Numerical model development for critical region flow and thermodynamic transitions of CO2 fluids in microchannel

Abstract

Dramatic changes of thermophysical properties in the vicinity of critical point brings significant accelerating effect on the thermodynamic transitions of fluid. This study performs a confined geometric design with CO2 fluids passing through the critical zone in microchannel. Such a problem formulation combines the compressible Navier-Stokes equations with different property formulations to obtain critical anomaly effects at complex critical transport coefficients. Three equations of state (van der Waals (vdW), Redlich-Kwong (R-K) and Peng-Robinson (P-R) state equations) and their corresponding thermodynamic relations are derived in solving the governing equations of flow and heat transfer equations. Basic results are found to be consistent with theoretical asymptotic analysis, with linearly curves of pressure and a sudden shift of density (425 kg/m3–502 kg/m3) and velocity (0.82 m/s to 0.97 m/s) profiles when the microchannel flow across the critical region.
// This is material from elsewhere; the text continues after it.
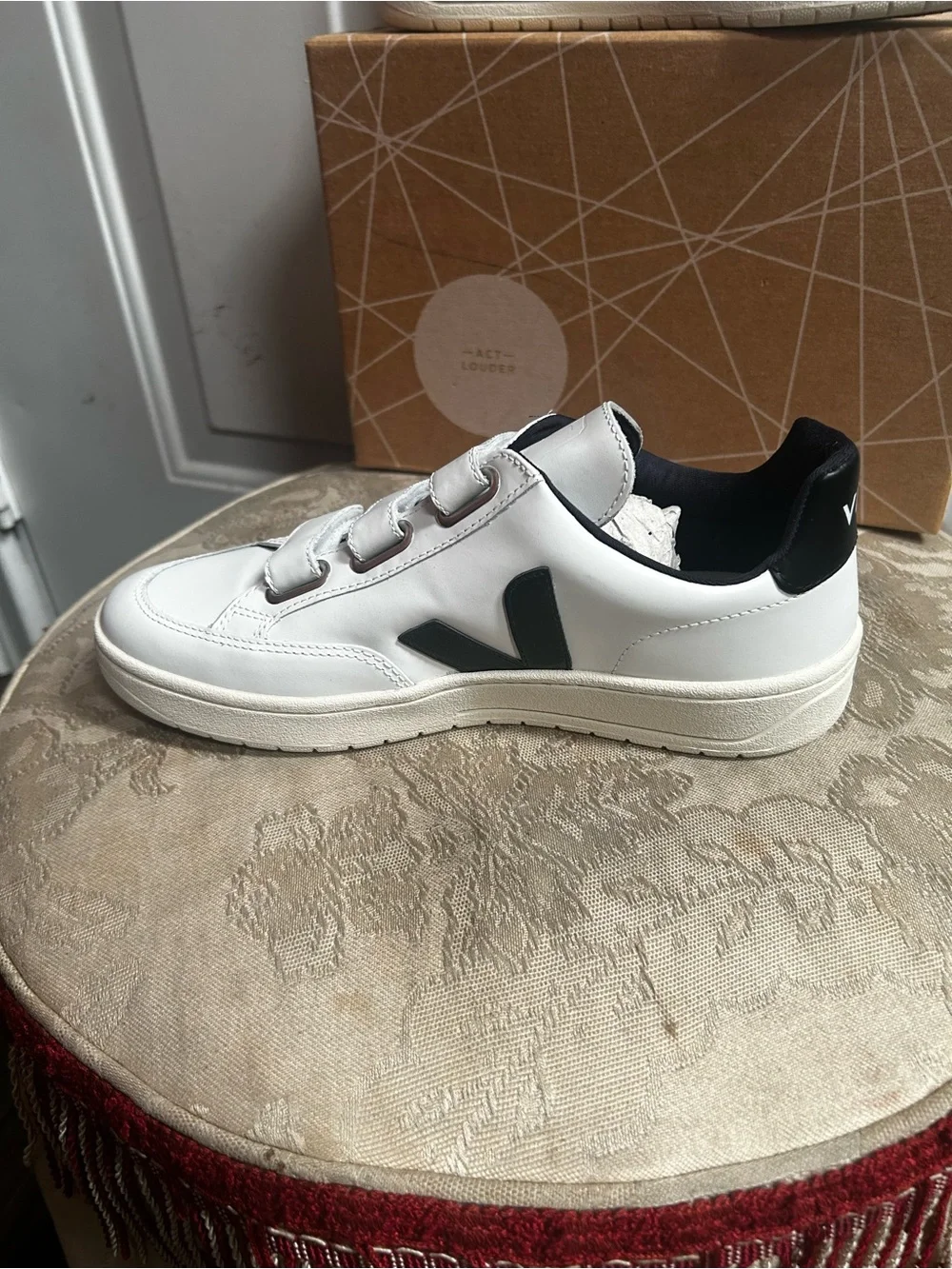Veja women’s V-Lock White Sneakers with Black Accent - Velcro Closure Sz 9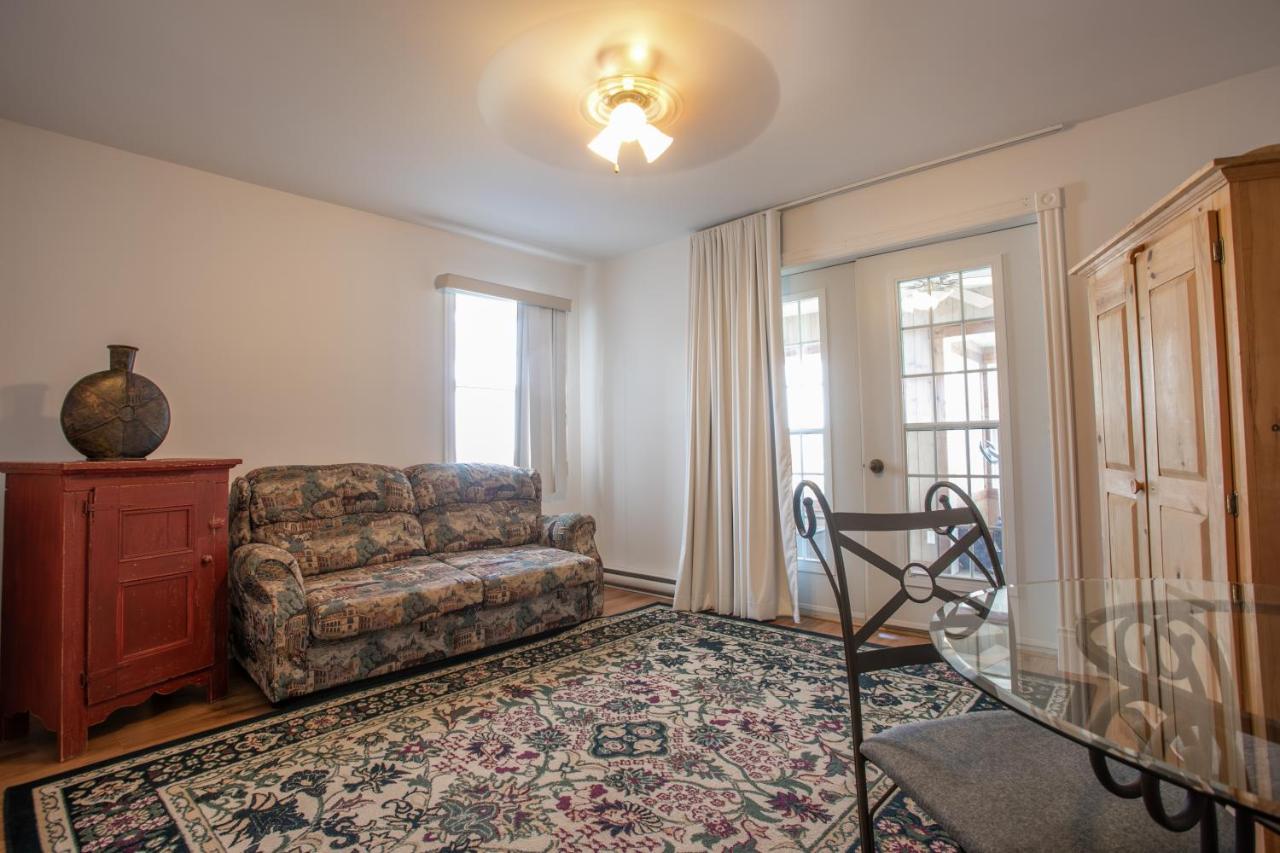 Auberge La Seigneurie des Monts est un hôtel gay friendly à Sainte-Anne-des-Monts en Gaspésie au Québec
The cascade effect between weakened radial thermal conductivity (λ ∼ (ρ – 1)-1/2, cp ∼ (ρ - 1)−2) and enhanced fluid expansion (βp ∼ (ρ - 1)−2) in the critical region is also shown to cause a sharp negative transition in temperature. In addition, the simulations demonstrate a qualitative comparison for three state equations, and the distinctions in quantitative terms (negative temperature value are −0.1 (vdW), −0.17 (R-K), and − 0.23(P-R)) are found to originate from stronger divergence characteristics (the specific heat cp and thermal expansion coefficients βp) in P-R gases than vdW and R-K gases.